Task requirements: Below are some records. Return exactly the lines from the one with "In this Jan." to the one with "Letto o letti", and nothing else.
══ Provided data ══
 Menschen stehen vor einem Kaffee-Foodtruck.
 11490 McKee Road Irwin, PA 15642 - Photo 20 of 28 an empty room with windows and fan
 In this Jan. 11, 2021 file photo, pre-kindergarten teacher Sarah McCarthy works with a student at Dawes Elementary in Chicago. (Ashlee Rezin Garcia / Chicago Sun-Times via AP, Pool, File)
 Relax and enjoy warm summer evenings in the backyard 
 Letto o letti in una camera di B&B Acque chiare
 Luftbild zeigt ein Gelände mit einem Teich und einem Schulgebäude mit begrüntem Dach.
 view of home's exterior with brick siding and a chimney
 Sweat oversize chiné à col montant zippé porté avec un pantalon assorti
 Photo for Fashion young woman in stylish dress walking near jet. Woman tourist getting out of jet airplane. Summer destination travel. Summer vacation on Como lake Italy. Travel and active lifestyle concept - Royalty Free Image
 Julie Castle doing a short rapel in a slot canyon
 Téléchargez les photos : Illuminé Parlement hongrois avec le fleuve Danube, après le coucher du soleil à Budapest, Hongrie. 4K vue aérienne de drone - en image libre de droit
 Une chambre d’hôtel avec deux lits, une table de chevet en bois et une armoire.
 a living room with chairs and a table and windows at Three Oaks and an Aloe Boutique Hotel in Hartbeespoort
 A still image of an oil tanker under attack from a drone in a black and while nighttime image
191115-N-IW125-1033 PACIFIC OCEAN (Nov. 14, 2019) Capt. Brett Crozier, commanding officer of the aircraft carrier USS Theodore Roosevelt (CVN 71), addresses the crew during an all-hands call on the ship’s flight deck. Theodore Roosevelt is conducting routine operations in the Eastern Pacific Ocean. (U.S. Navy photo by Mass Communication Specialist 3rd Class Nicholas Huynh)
═══
Task solution:
 In this Jan. 11, 2021 file photo, pre-kindergarten teacher Sarah McCarthy works with a student at Dawes Elementary in Chicago. (Ashlee Rezin Garcia / Chicago Sun-Times via AP, Pool, File)
 Relax and enjoy warm summer evenings in the backyard 
 Letto o letti in una camera di B&B Acque chiare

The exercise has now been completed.